Michelle Applebaum - Steel Market Intelligence Inc
Okay. On the -- as a result of declining iron ore prices?
Mark D. Millett
A combination of things. It just won't be cheap [ph] iron ore, but it's a drop in the commodity prices, a -- the mitigation from export and slightly increased generation domestically as the -- our economy comes back.
Michelle Applebaum - Steel Market Intelligence Inc
Okay. Have you talked about the conversation out there about a potential Turkish rebar case?
Richard P. Teets
You have to say more than that.
Michelle Applebaum - Steel Market Intelligence Inc
Okay. There's a conversation out there about a potential Turkish rebar case.
Is it coming? And do you think there are damages?
And could you win one? Was that good, Dick?
Richard P. Teets
We're not a -- we aren't a big enough rebar producer to really worry about it, participate in it. I think the legal costs would surpass the earnings that we make on the little bit of rebar we sell, so we're not discussing it.
Operator
Our next question comes from the line of Timna Tanners with Bank of America Merrill Lynch.

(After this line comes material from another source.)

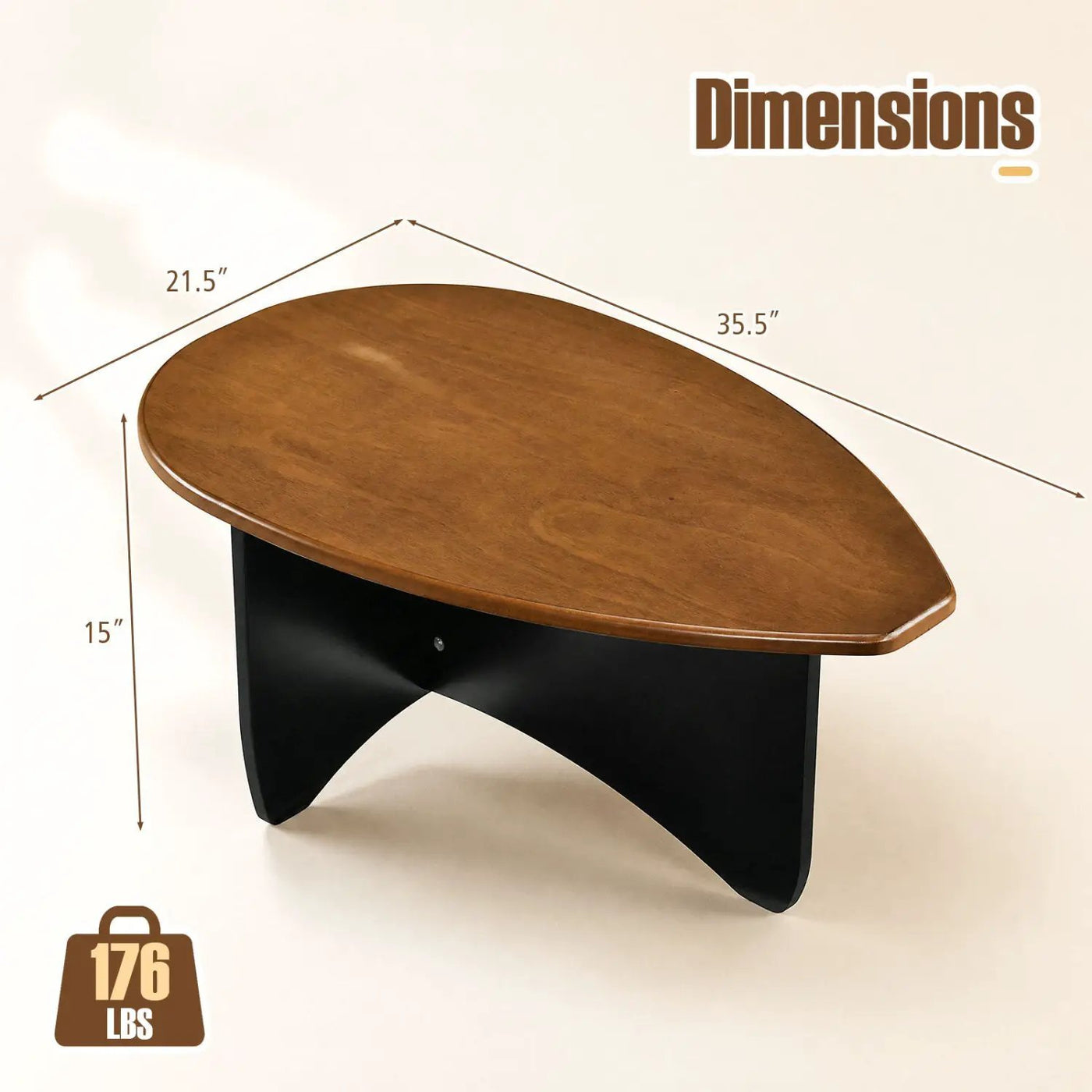 Oval Coffee Table Mid Century Modern Low Profile Wood by DirectDeals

Timna Tanners - BofA Merrill Lynch, Research Division
Can you please remind us of the timing and, if possible, some of the piece of benefit for the start-up of the rail expansion and SBQ expansion? When we should expect benefit, and how much and when it will be fully on, if you can give us some of that timing detail?
Mark D. Millett
Well, the SBQ construction, Dick and I were down there just 2 weeks ago, and it -- as I said earlier, it's going to schedule right now, to budget, and they anticipate commissioning November, December of this year. And so I think you will see ramp-up through 2014.
Barry and the team are doing a good job. They're already pre-approving some customer products applications, so that hopefully will expedite the market penetration.
And it's -- I wouldn't call it a pioneering effort in any way. It's standard technology.
The guys are more than familiar with the mills, the patrols, the dryers and everything. So from an equipment start-up perspective, it should go very rapidly.
So our expectation is a good ramp-up through 2014.
Timna Tanners - BofA Merrill Lynch, Research Division
So annualized, full start up end of the year?
Mark D. Millett
Sorry?
Timna Tanners - BofA Merrill Lynch, Research Division
Oh, sorry, I'm just clarifying. Annualized, full start up by the end of the year then?
Richard P. Teets
Well, I never say full start up by the end of the year. It's not like you turn the key on and it runs, so there's always a learning curve with new equipment.
But we'll be, maybe, at the full rate by the end of the year. That could -- Barry and his team are very optimistic, yes.
Timna Tanners - BofA Merrill Lynch, Research Division
Okay. And I'm sorry I interrupted.
On the rail side?
Mark D. Millett
That's okay. Head-hardened rail, again, construction is in progress, it's on budget, it's on schedule.
Probably, we'll start seeing some product move through a bit sort of December or January. Is that right?
Richard P. Teets
Yes, yes.
Mark D. Millett
And so, again, ramp-up through 2014. So if you look at just the earnings catalyst for us, 2013 is a little bit of kind of an implementation year.
And we have, I think, a lot of good things going on in 2014. We should see some material change in the losses at Mesabi.
We're going to see the ramp of SBQ, the ramp-up at rail.
Richard P. Teets
Timna, all I'd like to add about to the rail is that is a new process and a new product for SDI, and that definitely will not be as speedy of a ramp-up in production and in sales and so forth as the SBQ bars. I mean, we're very optimistic about it.
We have full confidence in it, but it is new for us in that customers will always be a little more leery and they'll want to see a little bit more testing and so forth, and we've been supplying them with prototype testing. But it's always the proof's in the pudding of the last -- of the final product.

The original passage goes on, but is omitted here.